Secondly, why the heck are you not published??? I know I ask this weekly but publishers can’t be this stupid can they???
Do I need to start sending letters asking when the long awaited Transman book is coming out as I hear they are publishing you until the curiousity gets to them and they search you out and sign you up??!
You can take a nothing topic and make it genius. I love your writing!! Please never stop (and kudos for the uber hot picture of JD and the one that Sean Connery may well sue you for! Plan A might be the one!)

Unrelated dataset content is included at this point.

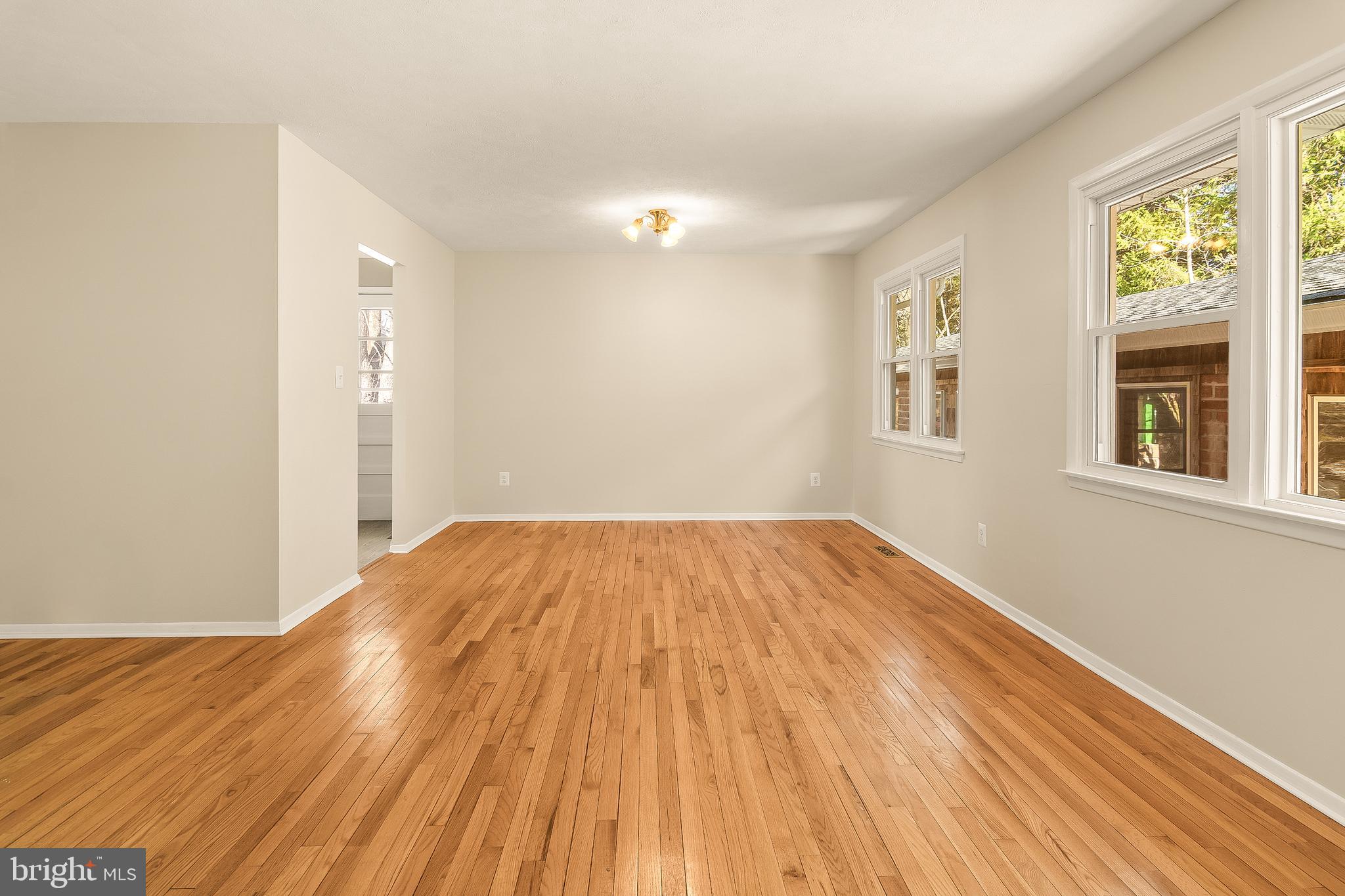 13 Moray Court Baltimore, MD 21236 - Photo 8 of 55 a view of empty room with wooden floor and fan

I couldn’t find a colouring page for poutine either – but here is a link to one for fries – they can add their own gravy and cheese curds!

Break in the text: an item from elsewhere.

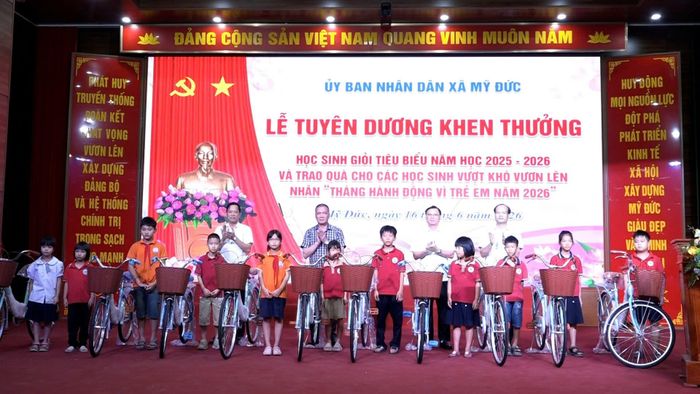 Lãnh đạo xã Mỹ Đức tặng xe đạp cho học sinh vượt khó. Ảnh: Biên Phạm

http://printablecolouringpages.co.uk/?s=poutine&page=1
It has “bonus” Beiber colouring pages too.
July 10th, 2012 at 6:00 pm
Tell Allan that if I put the Johnny Depp pictures at the end, no one will stop here at all.
Do you guys have an anniversary every weekend? That would be both awesome and tiring.

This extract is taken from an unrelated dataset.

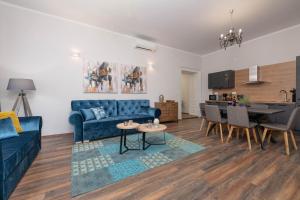 a living room with a blue couch and a table at Dante paradiso in Pula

I think your letter-writing campaign must be incorporated into my publishing plan alphabet.
Thank you for going on a research trip for me.
July 10th, 2012 at 8:28 pm
No, we only have one anniversary a year, you just scored the best Johnnie picture on the week before the anniversary. Which shows genius on your part.
I actually like the idea of an anniversary every weekend – it would mean wine!
If my letter writing campaign gets a letter can it be D for Dylan to make Allan feel better about the Johnnie Depp picture debacle this morning!
July 10th, 2012 at 9:41 pm
It depends, does the “D for Dylan” stand for Bob Dyaln, Dylan Thomas, or Dylan from 90210?
July 12th, 2012 at 6:36 pm
Bob. Hence the names of our pups, Bob and Echo. Allan is partial to a bit of Bob Dylan music from time time and by that I mean constantly!
July 12th, 2012 at 11:46 pm
Allan and I might be twins.
July 15th, 2012 at 8:23 am
I cut his hair.
July 10th, 2012 at 8:29 pm
No, we only have one anniversary a year, you just scored the best Johnnie picture on the week before the anniversary. Which shows genius on your part.
I actually like the idea of an anniversary every weekend – it would mean wine!
If my letter writing campaign gets a letter can it be D for Dylan to make Allan feel better about the Johnnie Depp picture debacle this morning!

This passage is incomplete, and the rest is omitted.